Federal Reserve Chairman Ben Bernanke warned Congress on Tuesday of the grave consequences if lawmakers fail to pass the $700 billion plan to bail out the finance industry, such as higher unemployment and increased home foreclosures.

Bernanke reported to the Senate Banking Committee that inaction could leave ordinary businesses unable to borrow the money they need to expand and hire additional employees, while consumers could find themselves unable to finance big-ticket purchases such as cars and homes. Bernanke also stated that a recession would be inevitable without passage of the plan.

Stocks were all over the place on Tuesday, with big swings in both directions.

AIG (AIG), Microsoft (MSFT) and Intel (INTC) led the winners, while Citigroup (C), General Electric (GE) and Wachovia (WB) all struggled.

With this in mind, we thought we'd take a look some of the top-searched stocks on TheStreet.com and see what Jim Cramer's had to say about them.

These stocks could be in the news for a number of reasons. Some require immediate attention while others may not. Regardless, it never hurts to hear what Cramer (or any of the other professional investors on the site) has to say about them. The key is to gather as much information as you can in order to make the most informed investment decisions you can.

Pfizer (PFE), EMC (EMC) and Apple (AAPL) all got hit today, but we're going find out what Cramer's had to say about Goldman Sachs (GS).

In a recent post to his RealMoney blog, Cramer wrote:


"I have long been enamored of the bank stocks when they don't have a lot of bad loans and their book values are solid. I have always felt that if you can get a bank for less than twice book, then you have an opportunity -- if the book is clean -- to make some great money.

If you can snag one that is less than 1.5 times book, well, frankly that's been impossible, unless the bank has got a book stuffed with good will. You just don't find one.

Now, what would you say if you could buy the best bank for about 1.25 times book, something I have not seen since the great bank consolidation of the early 1980s? You didn't even get banks that cheap in the 1990 situation, because the book values were not clean and the losses those banks had taken or were about to take were just too dangerous to swallow. Anyone who remembers Cal Fed and GlenFed knows exactly what I am talking about.

Any bank that is bigger than that bank should buy it.

Right now, right here, below $120, that's Goldman Sachs, at $50 billion with a clean book and a great business. That means it is totally additive and just a fantastic franchise worldwide, and you could own it for that little amount of money.
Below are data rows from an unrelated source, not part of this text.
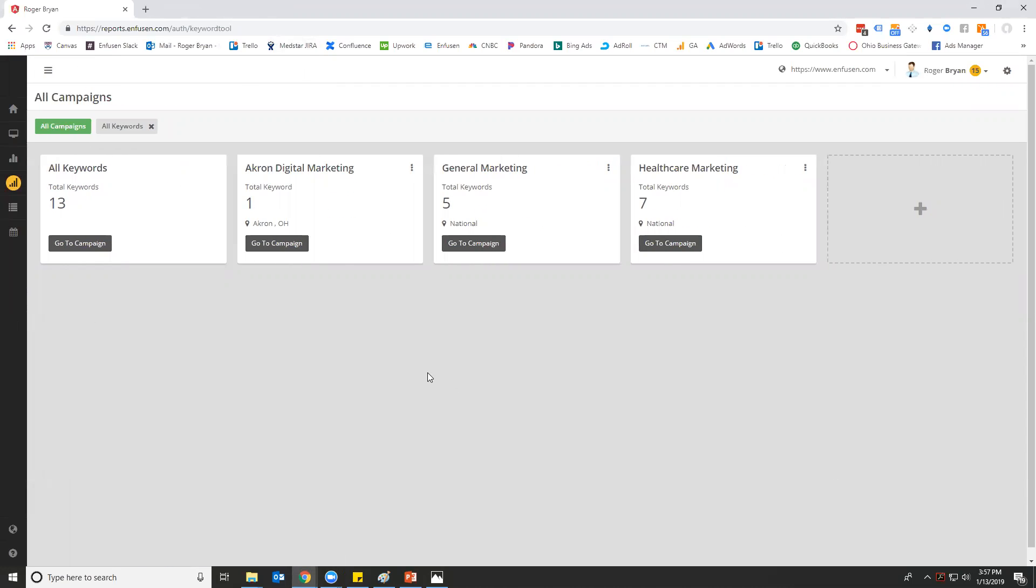One of the really nice things about this tool is that we designed it to be multi-location, meaning that you can track different keywords in different locations all on the same website.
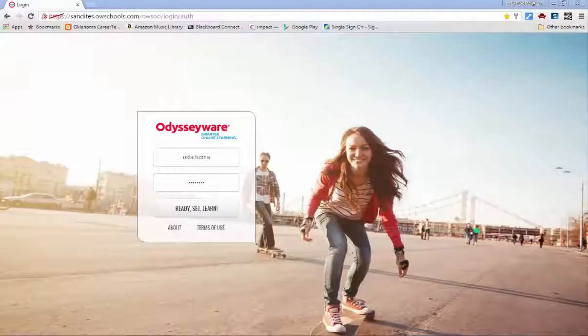Students should be logging into this software every day, whether from home or at school. The thing you need to know about Odysseyware is that no matter what district or school is using the curriculum, all the login pages look the same.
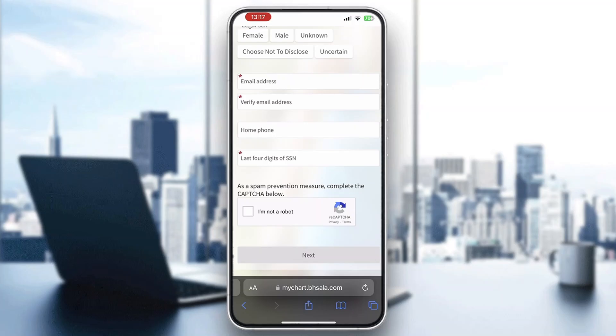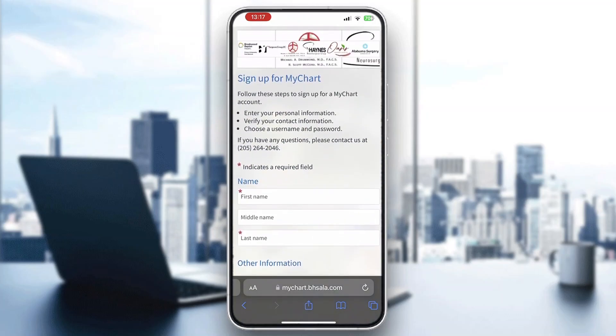That's basically it — that's how to set up a MyChart account. I hope this video was helpful. If it was, make sure to leave a like, subscribe to the channel, thank you for watching, take care and bye.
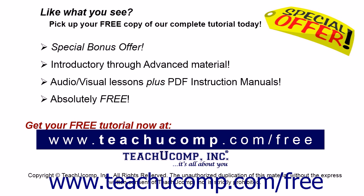Like what you see? Pick up your free copy of the complete tutorial at www.teachucomp.com/free.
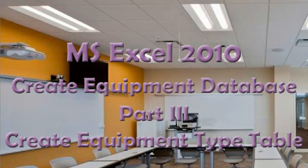This is a video about Microsoft Excel 2010, creating an equipment database, and this is part 3. It is about creating an equipment type table.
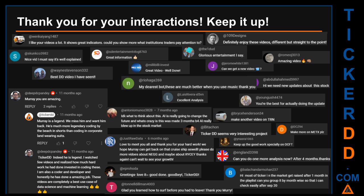Thank you for your interactions — keep going. Let us know in the comments what you think about this ticker and what your target price is. Here are some comments that we have enjoyed reading: 'Best DD video I have seen.' 'Definitely enjoy these videos — different but straight to the point.' 'Very nice video, I must say it is well explained.' 'Glorious entertainment, I say.' Thank you again for your feedback — please keep them coming.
Here's the way to look at it: If I were Citigroup's CEO, I would bid $135 a share for Goldman right now, about a 35% premium to book. It would be the greatest steal, because you could marry the huge deposits with the investment banking and M&A. And here's one, you would get management, too.
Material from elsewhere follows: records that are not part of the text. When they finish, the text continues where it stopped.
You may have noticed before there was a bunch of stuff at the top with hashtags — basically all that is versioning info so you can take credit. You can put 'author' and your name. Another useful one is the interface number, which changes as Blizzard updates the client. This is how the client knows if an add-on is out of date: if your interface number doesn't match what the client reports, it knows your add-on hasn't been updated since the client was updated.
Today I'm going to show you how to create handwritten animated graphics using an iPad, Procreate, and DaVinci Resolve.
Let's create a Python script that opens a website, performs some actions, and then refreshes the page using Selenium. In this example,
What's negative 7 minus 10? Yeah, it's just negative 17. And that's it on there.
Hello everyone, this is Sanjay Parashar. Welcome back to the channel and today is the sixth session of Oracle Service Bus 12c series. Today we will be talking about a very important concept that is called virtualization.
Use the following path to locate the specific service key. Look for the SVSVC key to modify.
That's why I am urging you to forget the endless articles about how Goldman Sachs can't make big money anymore because of the commercial bank rules.

There is simply no way, now that the prime brokerage business can't bring this company down by taking all of their money out right now, which is what almost caused the bank's failure last week.
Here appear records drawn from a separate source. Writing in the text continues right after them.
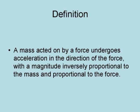Newton's second law is that a mass acted on by a force undergoes an acceleration in the direction of the force with a magnitude inversely proportional to the mass and proportional to the force.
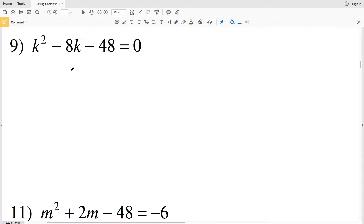In this video we're continuing on with solving quadratic equations by completing the square worksheet on the Kuta software website under the Infinite Algebra 1 section, picking up where we left off with number 9.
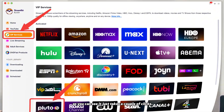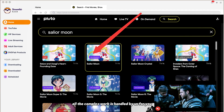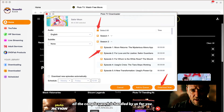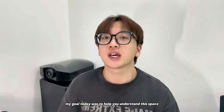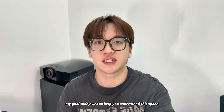Let me quickly show you how this all comes together. As you can see, it just takes a couple of clicks. All the complex work is handled by us for you.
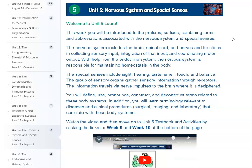The special senses include vision, hearing, taste, smell, and balance. This group of sensory organs gathers sensory information through receptors. The information travels via nerve impulses to the brain where it is interpreted.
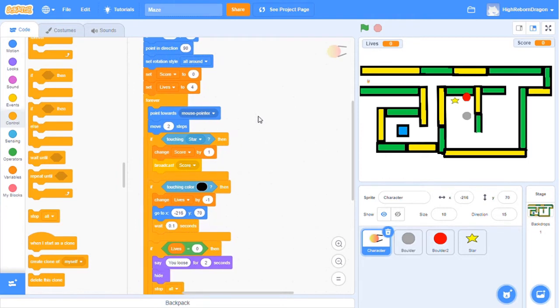After you lose or win to end the game, you need to add a stop block. Stop block will stop all the codes from working.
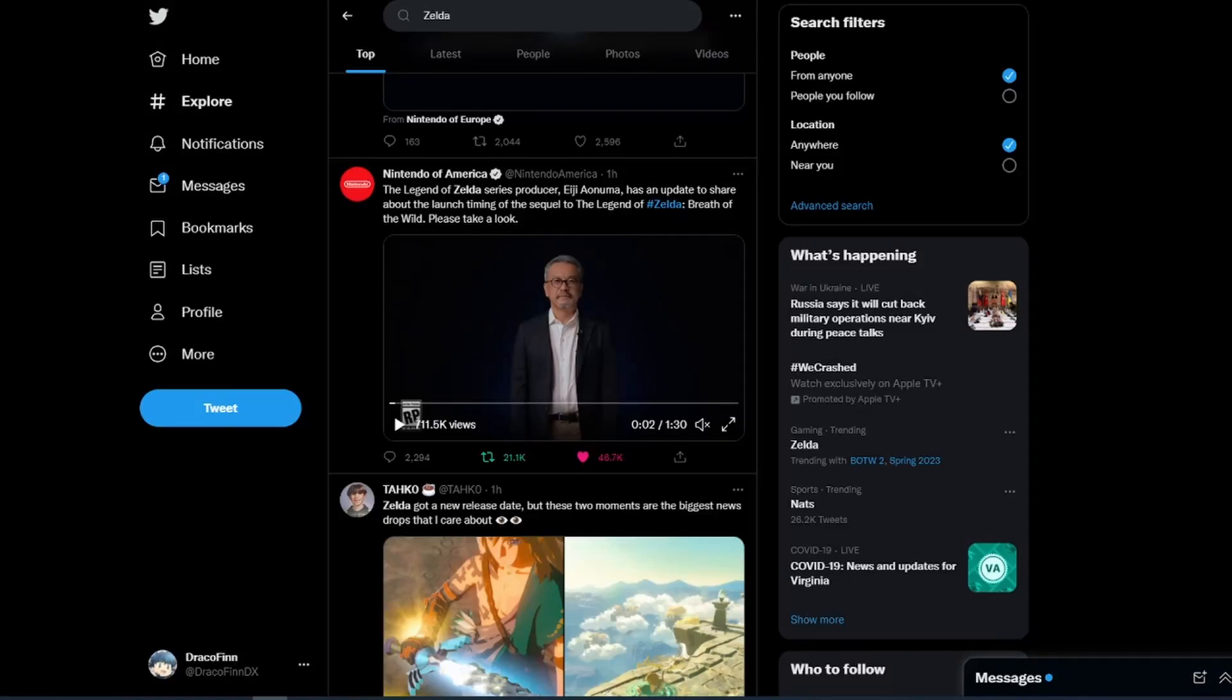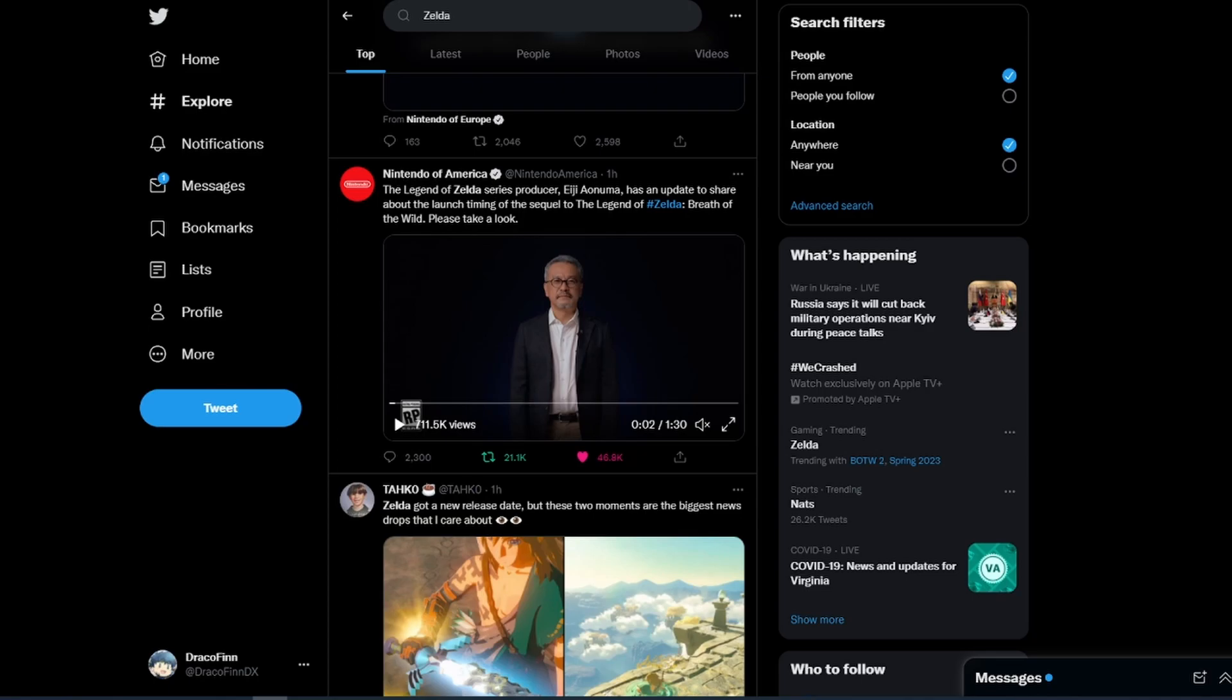What's up everybody, Draco Finn here. Today, didn't I call it? What did I say this morning? About an hour ago, Nintendo put out a tweet talking about Breath of the Wild 2's release date and how they are delaying it to 2023.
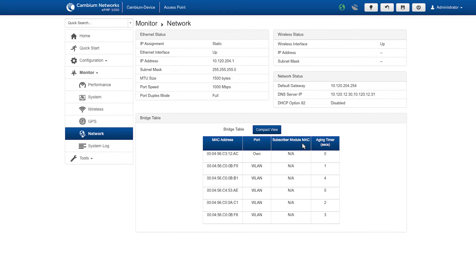For example, if a PC is connected to a station, the MAC address of the PC will be displayed. The aging timer shows the time that the bridge table uses to age the MAC address.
With 11% capital, with a book that has been scrubbed clean after a tough quarter and with the best trading and investing franchise in the world, Goldman's too small right now to be independent. It will be bought if the plan doesn't pass; if the plan passes, look for Goldman to be the biggest buyer of deposits out there."

For more of Cramer's take on stocks such as American Express (AXP) and National City (NCC), check out the Cramer's Take portfolio here.

(Editor's note: At the time of publication and/or original publication of his posts and shows, Cramer owned Goldman Sachs and General Electric for his Action Alerts PLUS charitable trust.)